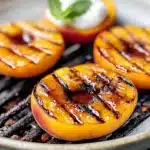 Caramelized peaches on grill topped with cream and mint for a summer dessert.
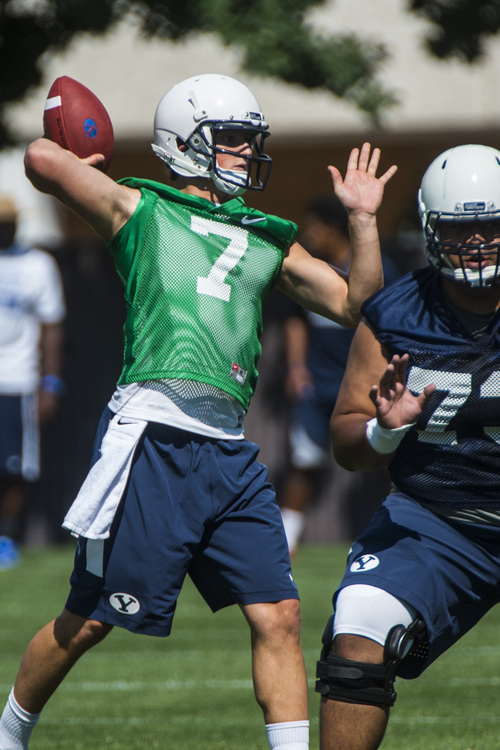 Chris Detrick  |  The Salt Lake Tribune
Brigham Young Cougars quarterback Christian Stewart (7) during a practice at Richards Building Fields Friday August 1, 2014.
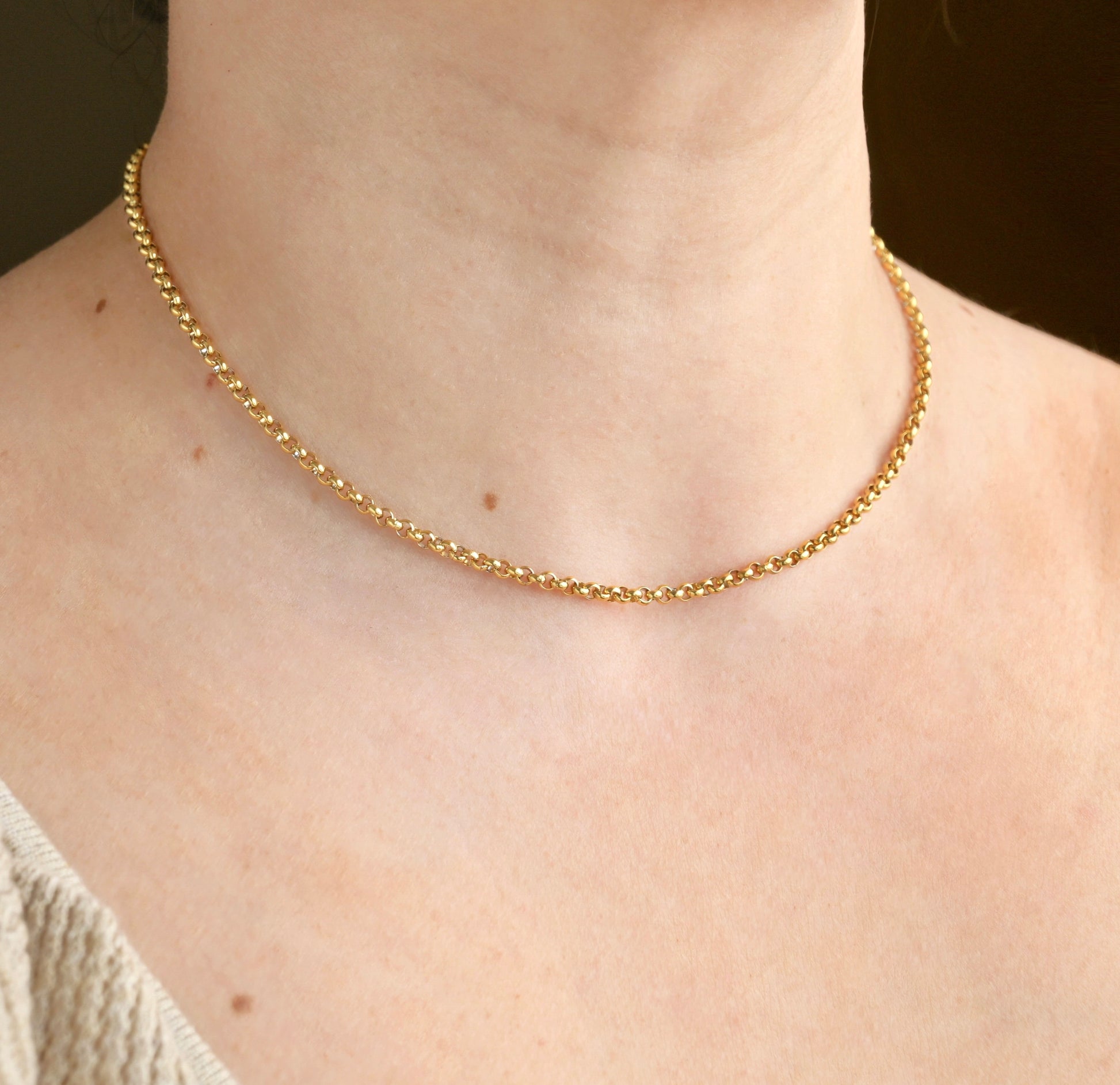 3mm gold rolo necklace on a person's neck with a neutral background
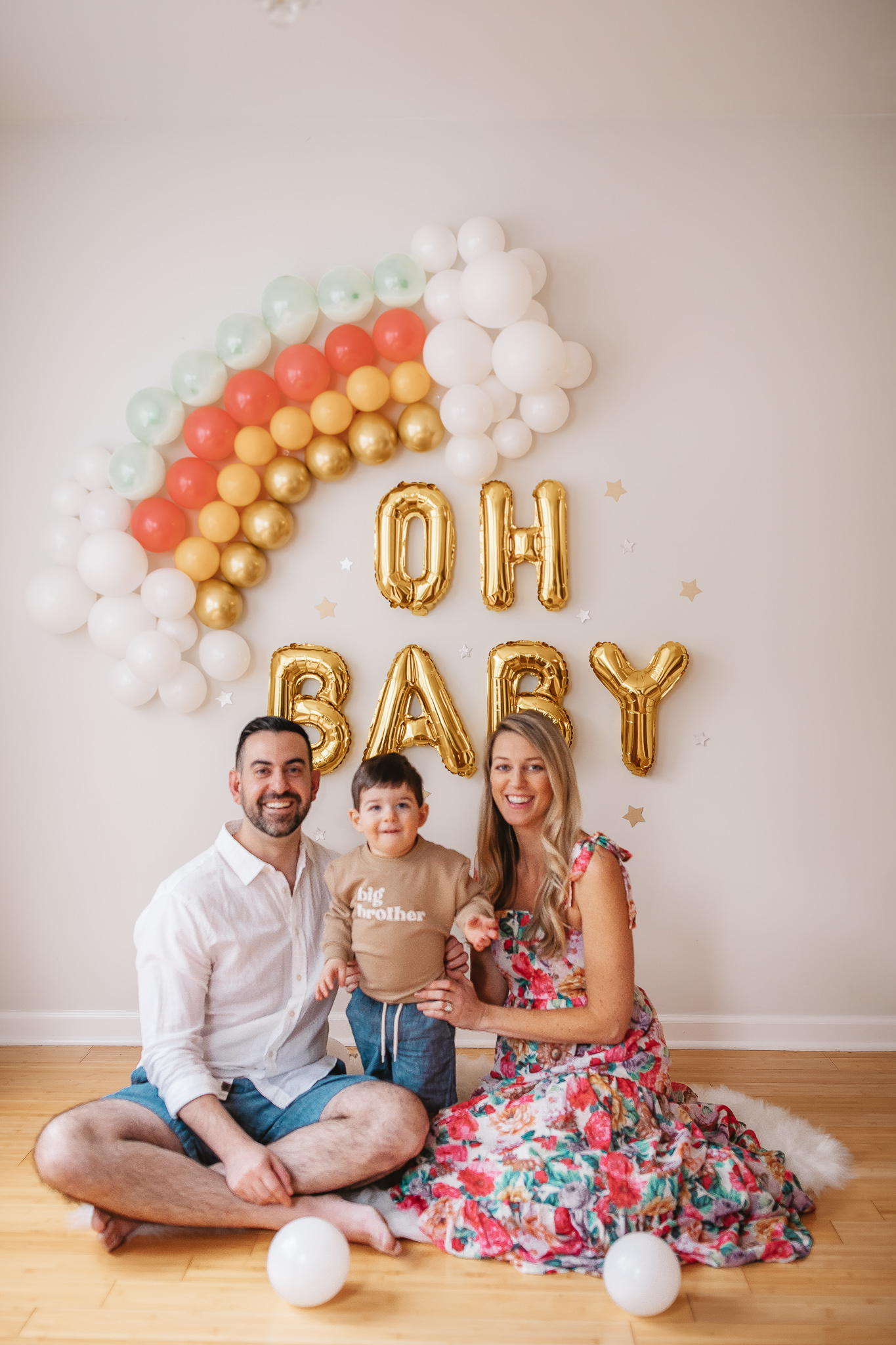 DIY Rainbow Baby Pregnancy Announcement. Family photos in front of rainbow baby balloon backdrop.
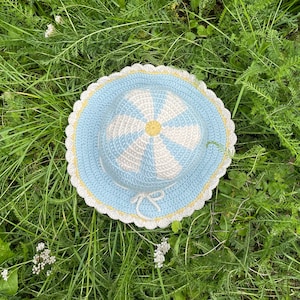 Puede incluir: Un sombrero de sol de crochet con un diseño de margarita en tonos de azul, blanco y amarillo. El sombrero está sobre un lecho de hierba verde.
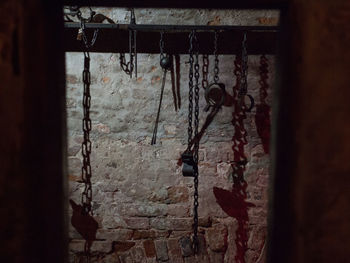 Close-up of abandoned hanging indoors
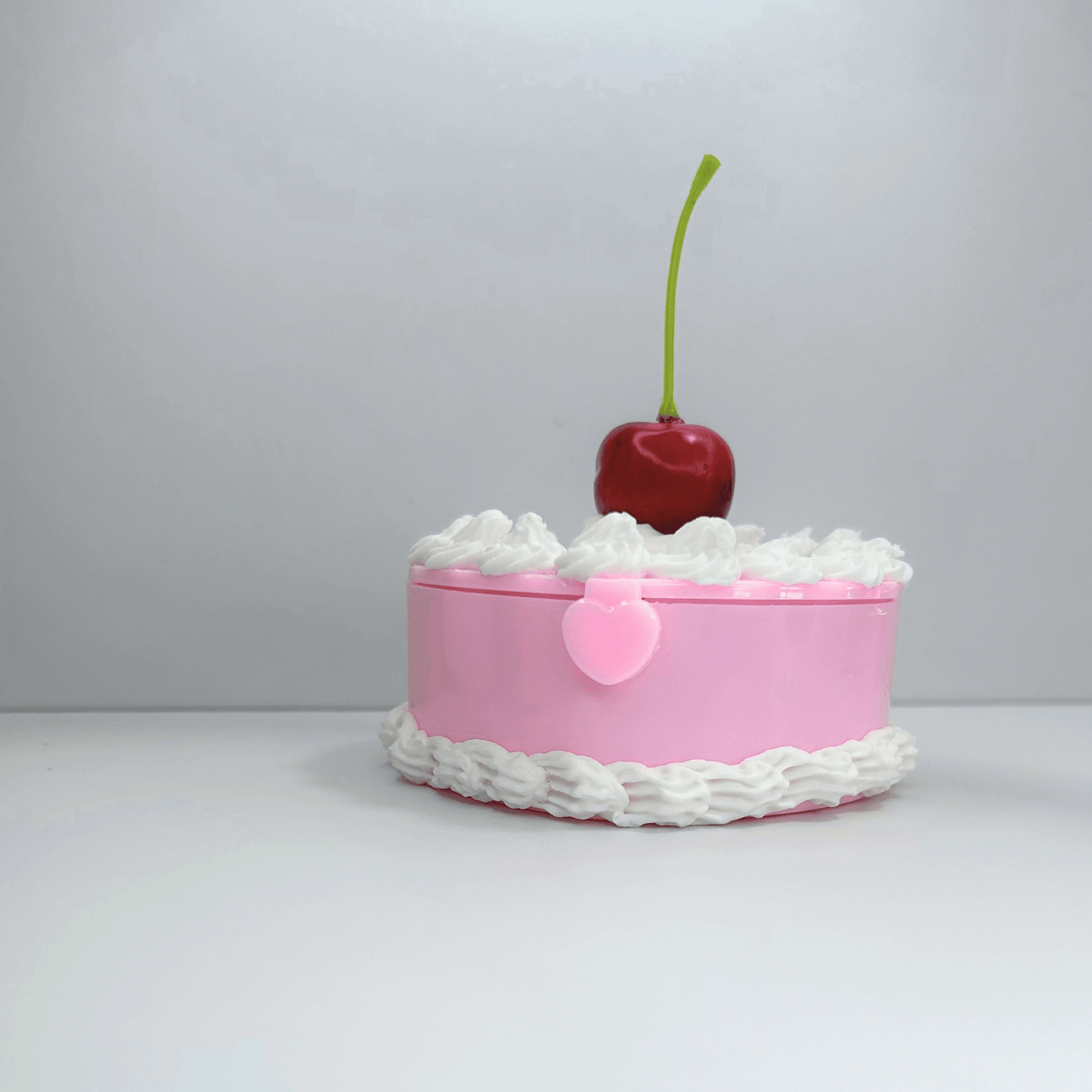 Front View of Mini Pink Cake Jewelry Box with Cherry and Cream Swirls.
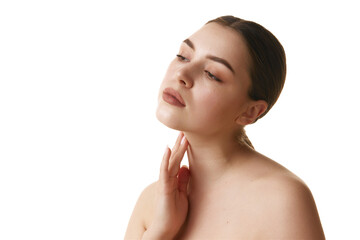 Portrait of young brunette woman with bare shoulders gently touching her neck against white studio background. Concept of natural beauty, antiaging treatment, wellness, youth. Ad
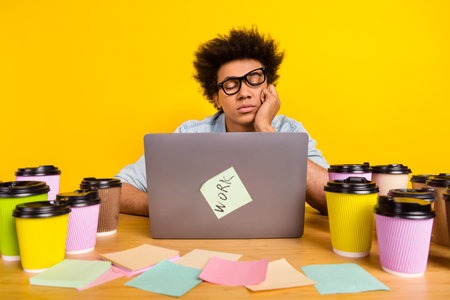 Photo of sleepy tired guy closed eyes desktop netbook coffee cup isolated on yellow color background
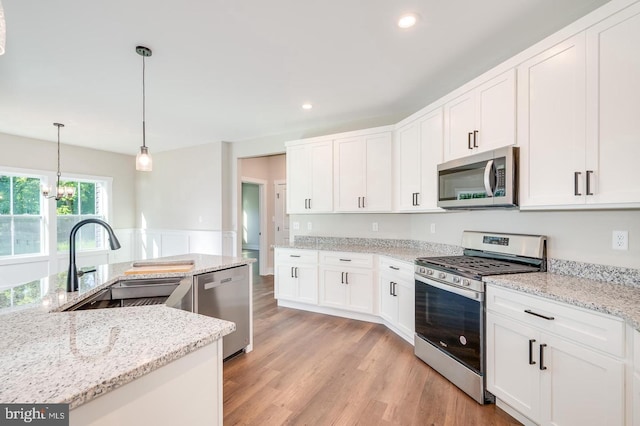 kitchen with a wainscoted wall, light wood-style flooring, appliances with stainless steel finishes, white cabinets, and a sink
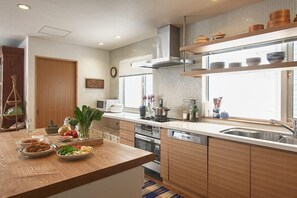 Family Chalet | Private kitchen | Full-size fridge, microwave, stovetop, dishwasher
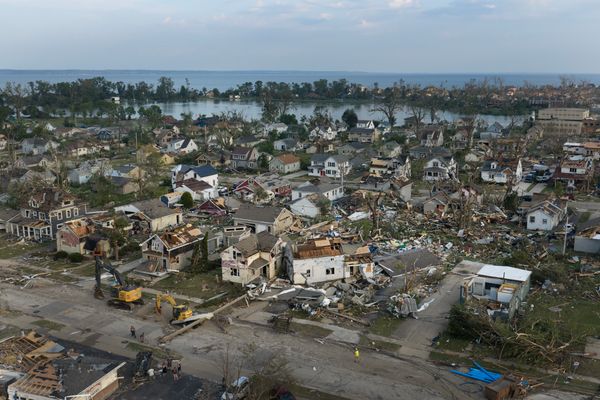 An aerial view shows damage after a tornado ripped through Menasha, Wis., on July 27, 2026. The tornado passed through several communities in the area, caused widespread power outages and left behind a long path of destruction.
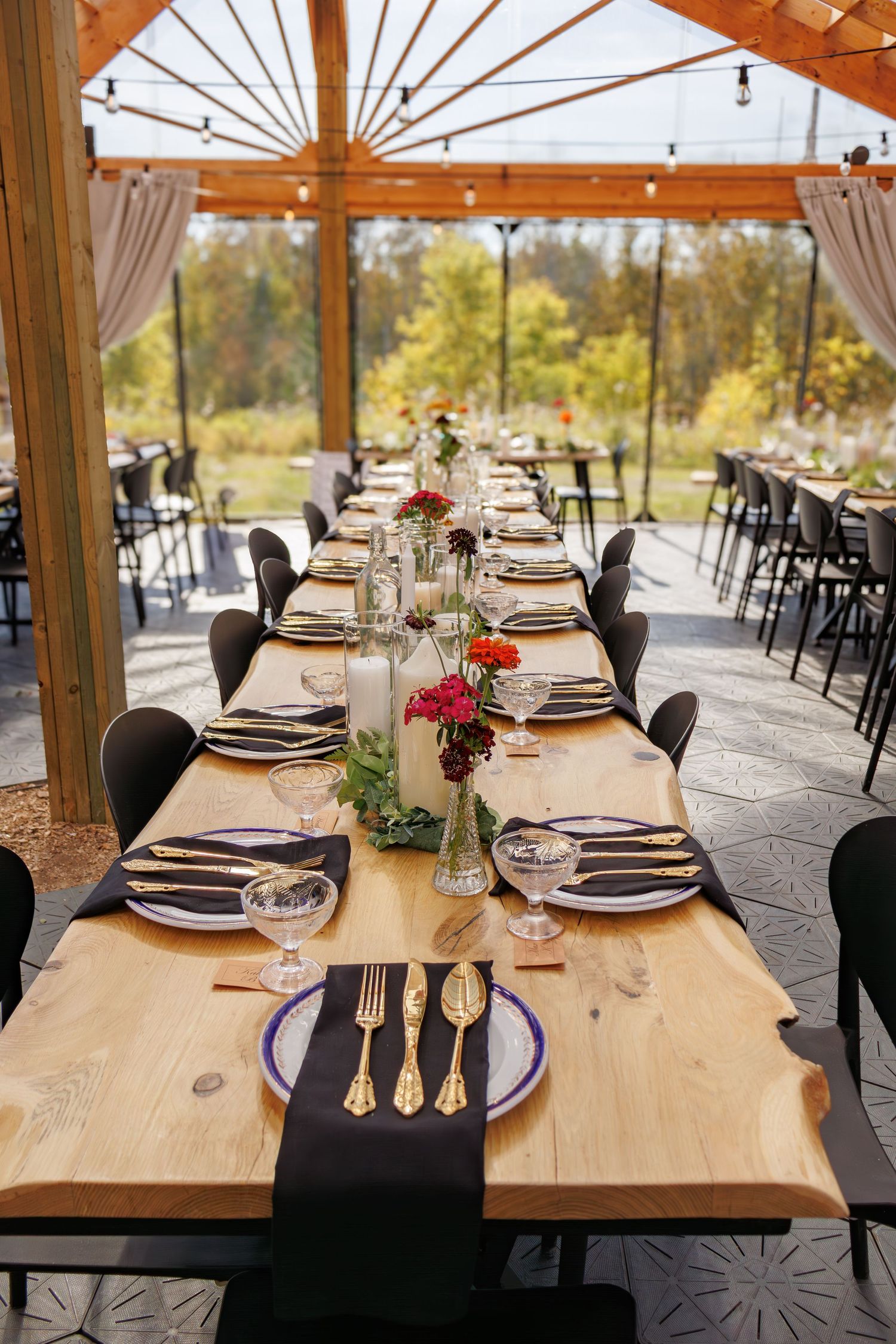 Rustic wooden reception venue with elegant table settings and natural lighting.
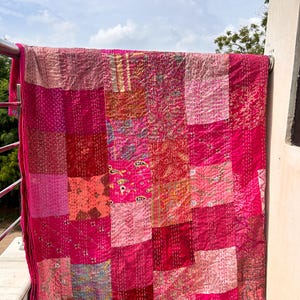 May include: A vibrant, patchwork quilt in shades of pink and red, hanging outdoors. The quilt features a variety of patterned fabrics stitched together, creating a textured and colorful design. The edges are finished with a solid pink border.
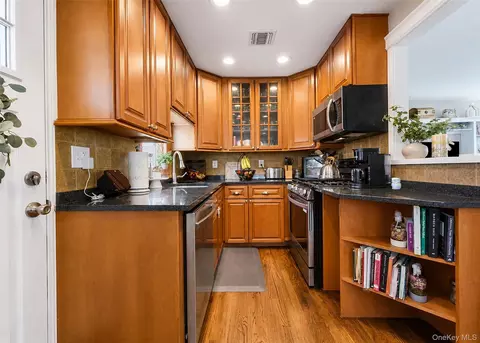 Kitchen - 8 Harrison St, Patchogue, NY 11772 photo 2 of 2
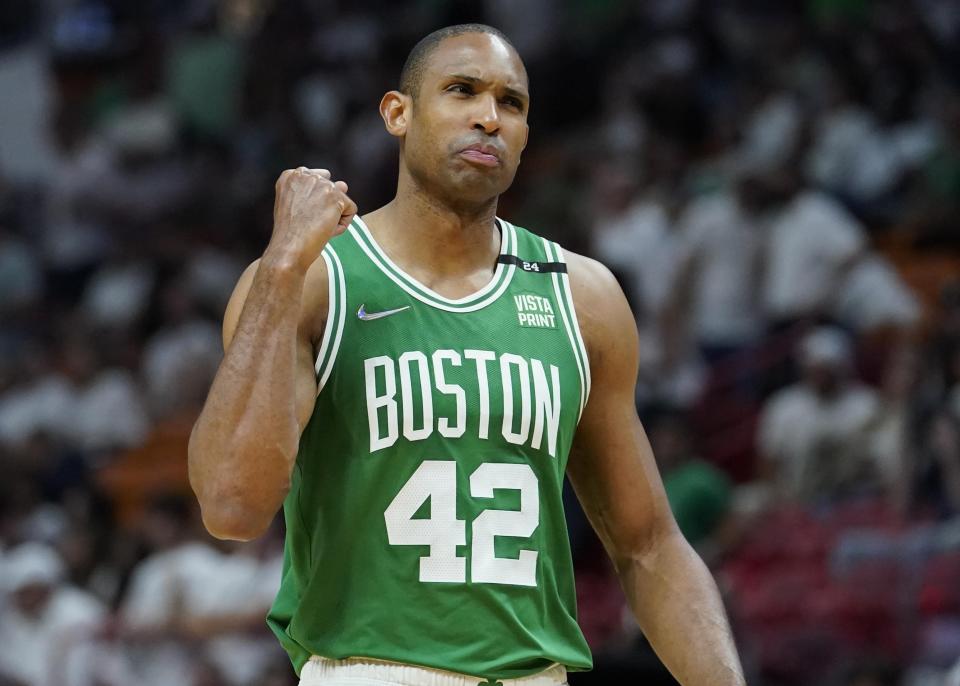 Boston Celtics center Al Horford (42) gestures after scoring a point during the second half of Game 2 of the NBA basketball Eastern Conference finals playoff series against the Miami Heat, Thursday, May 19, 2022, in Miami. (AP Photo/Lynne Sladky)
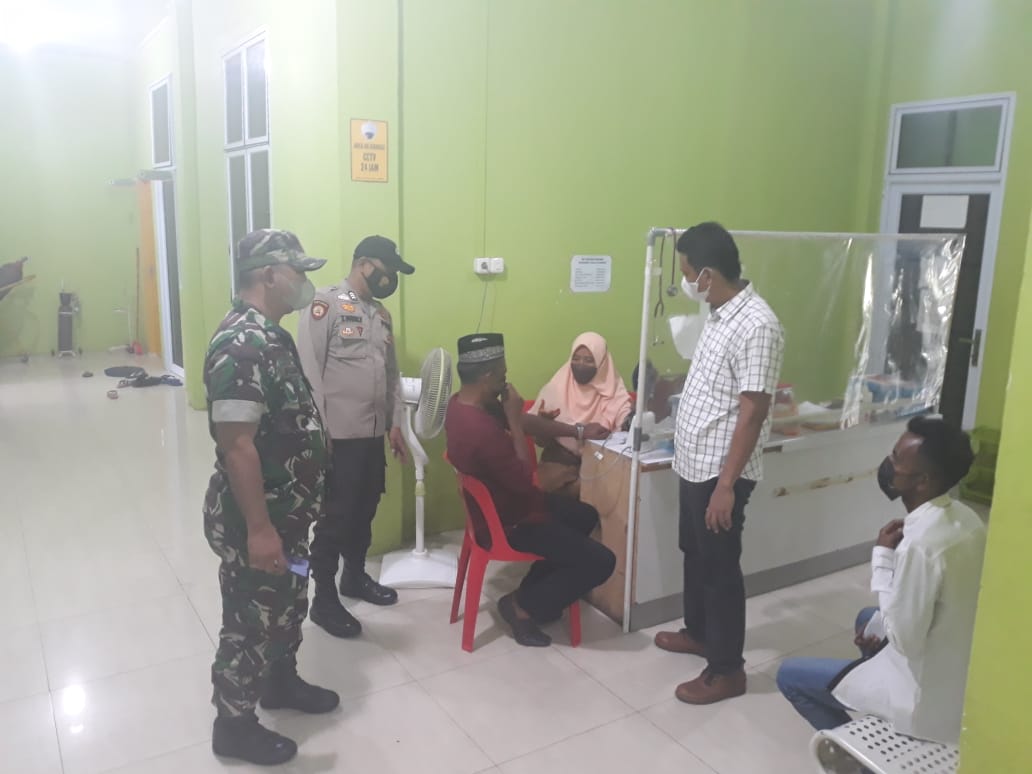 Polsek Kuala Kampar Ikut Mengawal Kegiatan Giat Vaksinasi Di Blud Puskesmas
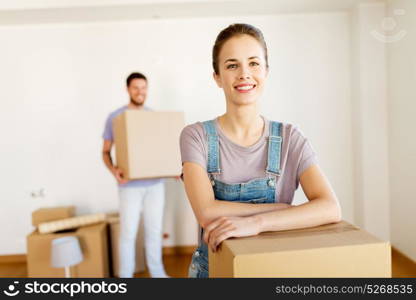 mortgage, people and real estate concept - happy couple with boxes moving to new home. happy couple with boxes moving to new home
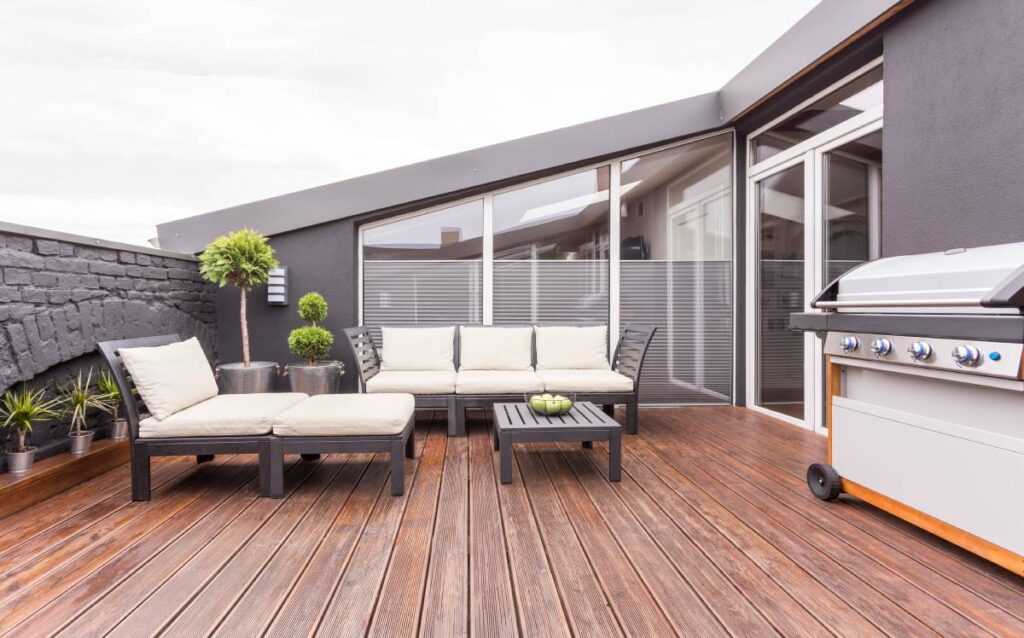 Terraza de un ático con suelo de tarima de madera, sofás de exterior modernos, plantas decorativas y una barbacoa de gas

____________

#### [PROBLEM TO WORK ON]
Images should not appear in the copy; retype the listing above exactly.

#### [SOLUTION BELOW]
 Caramelized peaches on grill topped with cream and mint for a summer dessert.
 Chris Detrick  |  The Salt Lake Tribune
Brigham Young Cougars quarterback Christian Stewart (7) during a practice at Richards Building Fields Friday August 1, 2014.
 3mm gold rolo necklace on a person's neck with a neutral background
 DIY Rainbow Baby Pregnancy Announcement. Family photos in front of rainbow baby balloon backdrop.
 Puede incluir: Un sombrero de sol de crochet con un diseño de margarita en tonos de azul, blanco y amarillo. El sombrero está sobre un lecho de hierba verde.
 Close-up of abandoned hanging indoors
 Front View of Mini Pink Cake Jewelry Box with Cherry and Cream Swirls.
 Portrait of young brunette woman with bare shoulders gently touching her neck against white studio background. Concept of natural beauty, antiaging treatment, wellness, youth. Ad
 Photo of sleepy tired guy closed eyes desktop netbook coffee cup isolated on yellow color background
 kitchen with a wainscoted wall, light wood-style flooring, appliances with stainless steel finishes, white cabinets, and a sink
 Family Chalet | Private kitchen | Full-size fridge, microwave, stovetop, dishwasher
 An aerial view shows damage after a tornado ripped through Menasha, Wis., on July 27, 2026. The tornado passed through several communities in the area, caused widespread power outages and left behind a long path of destruction.
 Rustic wooden reception venue with elegant table settings and natural lighting.
 May include: A vibrant, patchwork quilt in shades of pink and red, hanging outdoors. The quilt features a variety of patterned fabrics stitched together, creating a textured and colorful design. The edges are finished with a solid pink border.
 Kitchen - 8 Harrison St, Patchogue, NY 11772 photo 2 of 2
 Boston Celtics center Al Horford (42) gestures after scoring a point during the second half of Game 2 of the NBA basketball Eastern Conference finals playoff series against the Miami Heat, Thursday, May 19, 2022, in Miami. (AP Photo/Lynne Sladky)
 Polsek Kuala Kampar Ikut Mengawal Kegiatan Giat Vaksinasi Di Blud Puskesmas
 mortgage, people and real estate concept - happy couple with boxes moving to new home. happy couple with boxes moving to new home
 Terraza de un ático con suelo de tarima de madera, sofás de exterior modernos, plantas decorativas y una barbacoa de gas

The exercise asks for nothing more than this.